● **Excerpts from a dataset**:
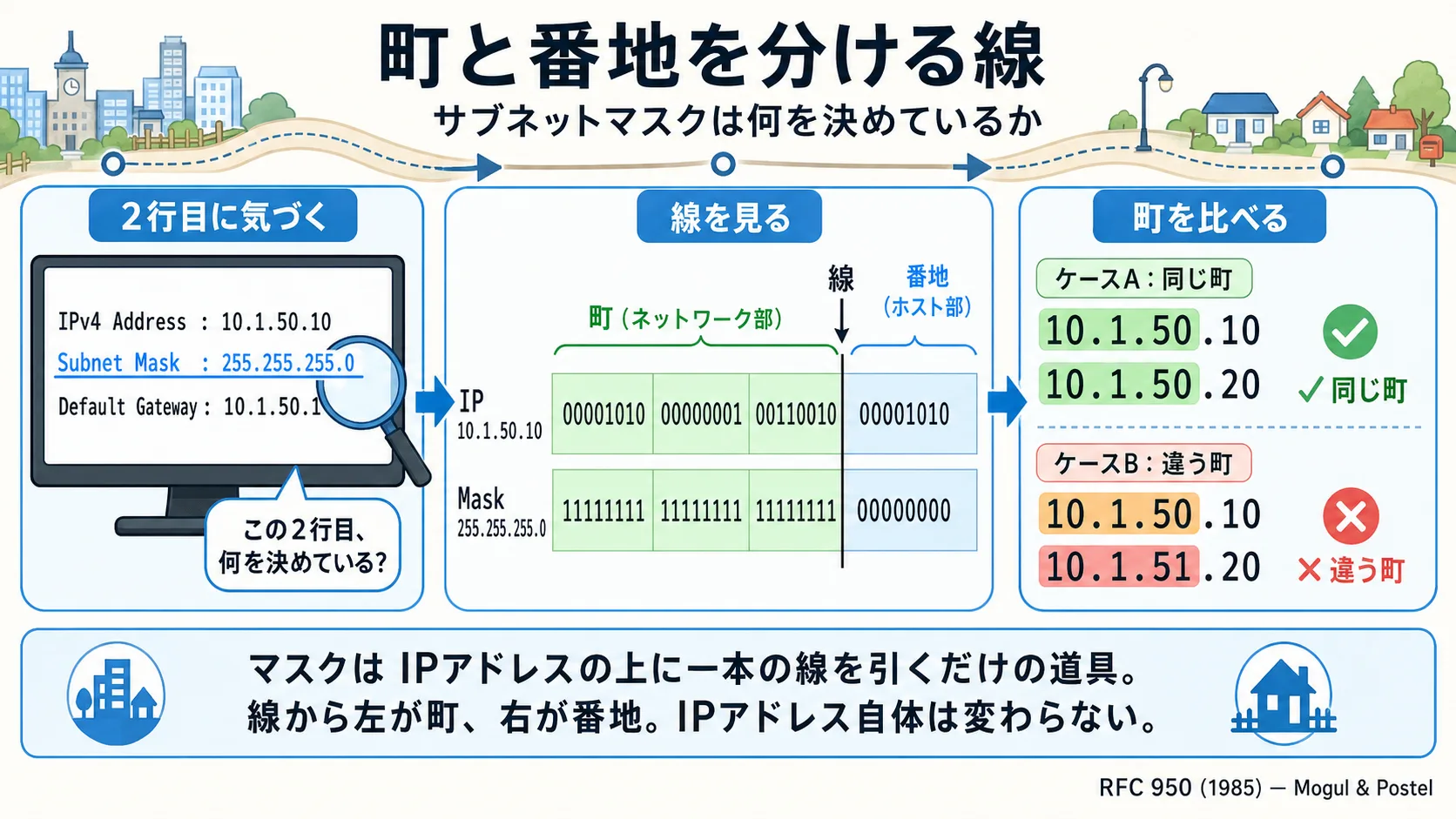 ipconfig の2行目に気づく → サブネットマスクの32ビットの裏側を覗く → 2つのIPでネットワーク部を見比べる、という3段階の流れを1枚で俯瞰した図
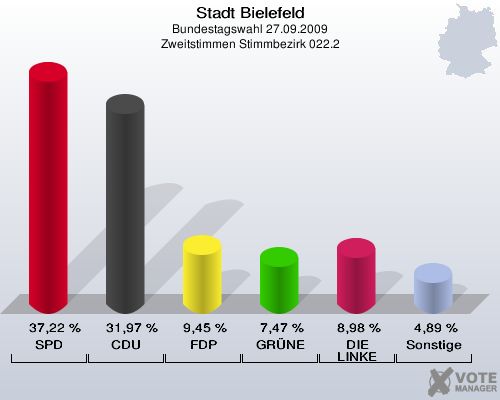 Stadt Bielefeld, Bundestagswahl 27.09.2009, Zweitstimmen Stimmbezirk 022.2: SPD: 37,22 %. CDU: 31,97 %. FDP: 9,45 %. GRÜNE: 7,47 %. DIE LINKE: 8,98 %. Sonstige: 4,89 %. 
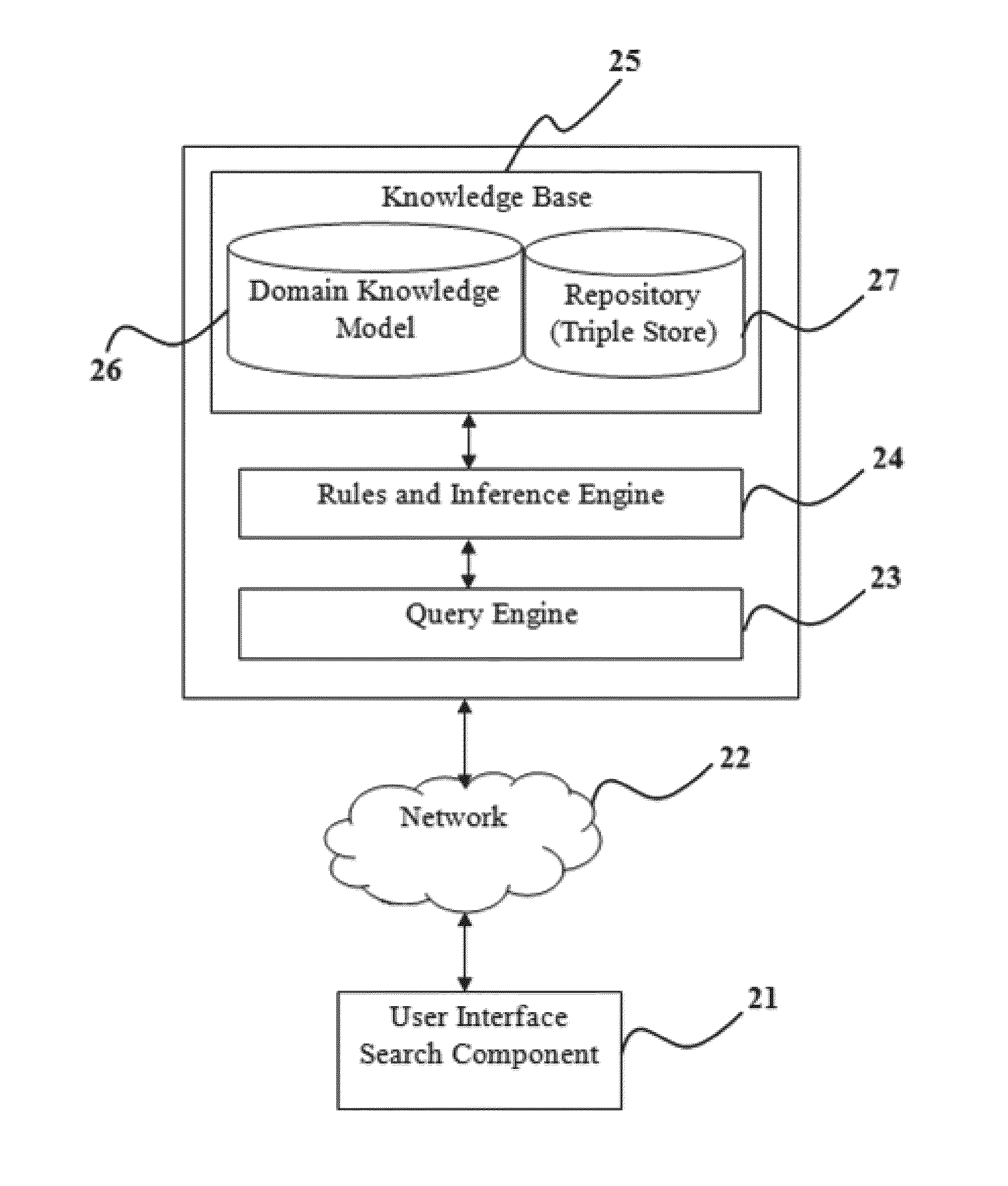 Method and system for translating user keywords into semantic queries based on a domain vocabulary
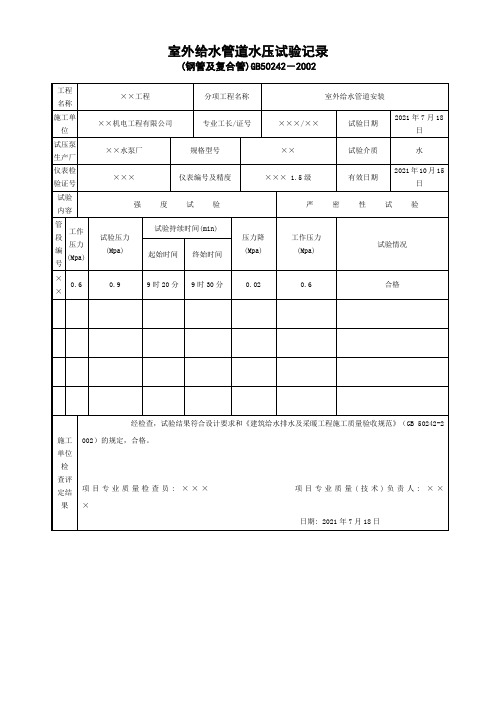 室外给水管道水压试验记录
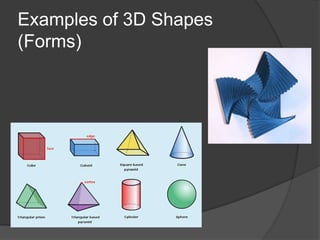 Examples of 3D Shapes
(Forms)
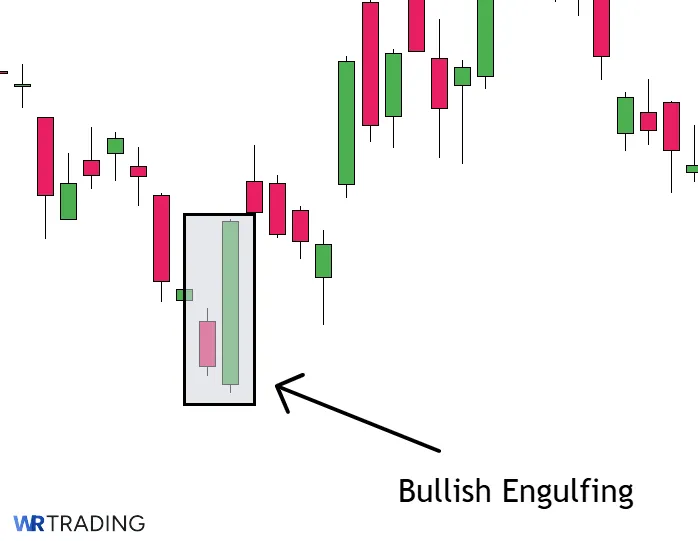 Bullish Engulfing Candlestick Pattern in the Chart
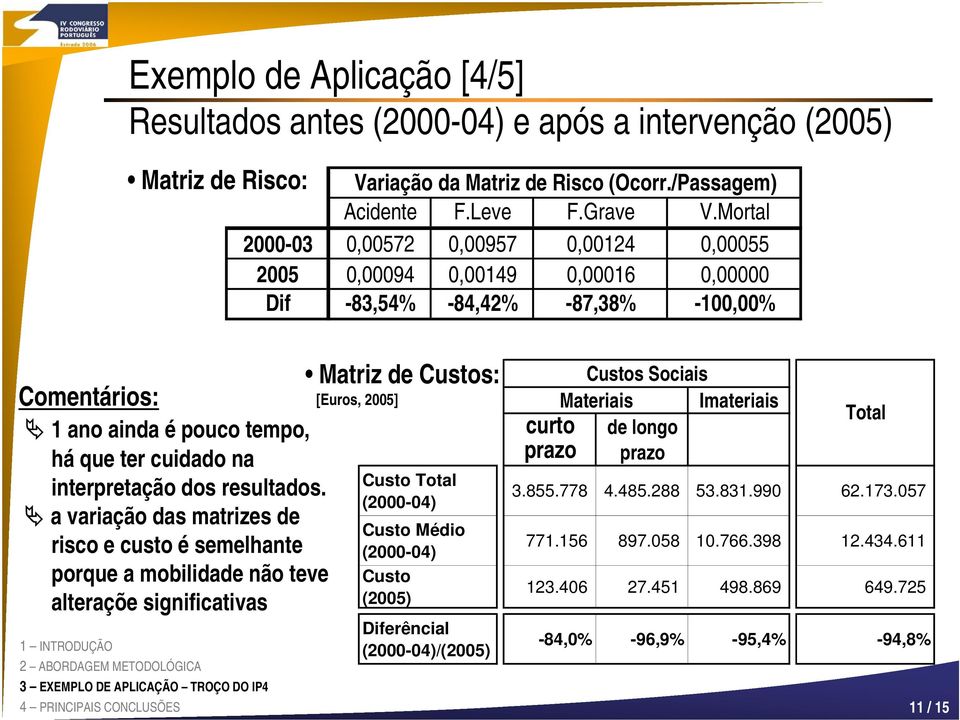 dos resultados.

● **EXERCISE OBJECTIVE**: All lines from the one containing "Examples of 3D Shapes" to the last line of the data above, both included, should be printed exactly, and the pictures should not appear.

● **WRITTEN SOLUTION**:
 Examples of 3D Shapes
(Forms)
 Bullish Engulfing Candlestick Pattern in the Chart
 dos resultados.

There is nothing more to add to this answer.